━━ SUPPLIED ENTRIES ━━

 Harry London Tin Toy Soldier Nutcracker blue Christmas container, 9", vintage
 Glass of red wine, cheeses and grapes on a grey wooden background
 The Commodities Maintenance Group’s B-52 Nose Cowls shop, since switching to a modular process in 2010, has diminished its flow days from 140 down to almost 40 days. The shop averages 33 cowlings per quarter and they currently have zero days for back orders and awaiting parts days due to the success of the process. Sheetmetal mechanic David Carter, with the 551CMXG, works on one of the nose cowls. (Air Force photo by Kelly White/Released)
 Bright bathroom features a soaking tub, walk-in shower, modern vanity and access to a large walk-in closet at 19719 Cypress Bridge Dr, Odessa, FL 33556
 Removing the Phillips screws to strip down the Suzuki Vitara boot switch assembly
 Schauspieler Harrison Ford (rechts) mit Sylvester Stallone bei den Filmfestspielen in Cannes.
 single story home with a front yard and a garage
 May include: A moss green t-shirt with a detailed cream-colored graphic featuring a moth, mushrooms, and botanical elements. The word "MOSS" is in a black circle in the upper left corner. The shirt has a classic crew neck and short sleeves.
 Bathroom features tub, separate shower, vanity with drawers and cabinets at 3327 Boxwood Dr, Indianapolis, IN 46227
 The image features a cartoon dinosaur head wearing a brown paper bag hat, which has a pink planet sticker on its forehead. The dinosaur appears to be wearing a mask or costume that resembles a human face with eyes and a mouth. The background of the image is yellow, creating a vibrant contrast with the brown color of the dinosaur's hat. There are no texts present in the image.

━━━

TASK TO CARRY OUT: Could you restate the records above word for word?

SOLUTION TO THIS EXERCISE:
 Harry London Tin Toy Soldier Nutcracker blue Christmas container, 9", vintage
 Glass of red wine, cheeses and grapes on a grey wooden background
 The Commodities Maintenance Group’s B-52 Nose Cowls shop, since switching to a modular process in 2010, has diminished its flow days from 140 down to almost 40 days. The shop averages 33 cowlings per quarter and they currently have zero days for back orders and awaiting parts days due to the success of the process. Sheetmetal mechanic David Carter, with the 551CMXG, works on one of the nose cowls. (Air Force photo by Kelly White/Released)
 Bright bathroom features a soaking tub, walk-in shower, modern vanity and access to a large walk-in closet at 19719 Cypress Bridge Dr, Odessa, FL 33556
 Removing the Phillips screws to strip down the Suzuki Vitara boot switch assembly
 Schauspieler Harrison Ford (rechts) mit Sylvester Stallone bei den Filmfestspielen in Cannes.
 single story home with a front yard and a garage
 May include: A moss green t-shirt with a detailed cream-colored graphic featuring a moth, mushrooms, and botanical elements. The word "MOSS" is in a black circle in the upper left corner. The shirt has a classic crew neck and short sleeves.
 Bathroom features tub, separate shower, vanity with drawers and cabinets at 3327 Boxwood Dr, Indianapolis, IN 46227
 The image features a cartoon dinosaur head wearing a brown paper bag hat, which has a pink planet sticker on its forehead. The dinosaur appears to be wearing a mask or costume that resembles a human face with eyes and a mouth. The background of the image is yellow, creating a vibrant contrast with the brown color of the dinosaur's hat. There are no texts present in the image.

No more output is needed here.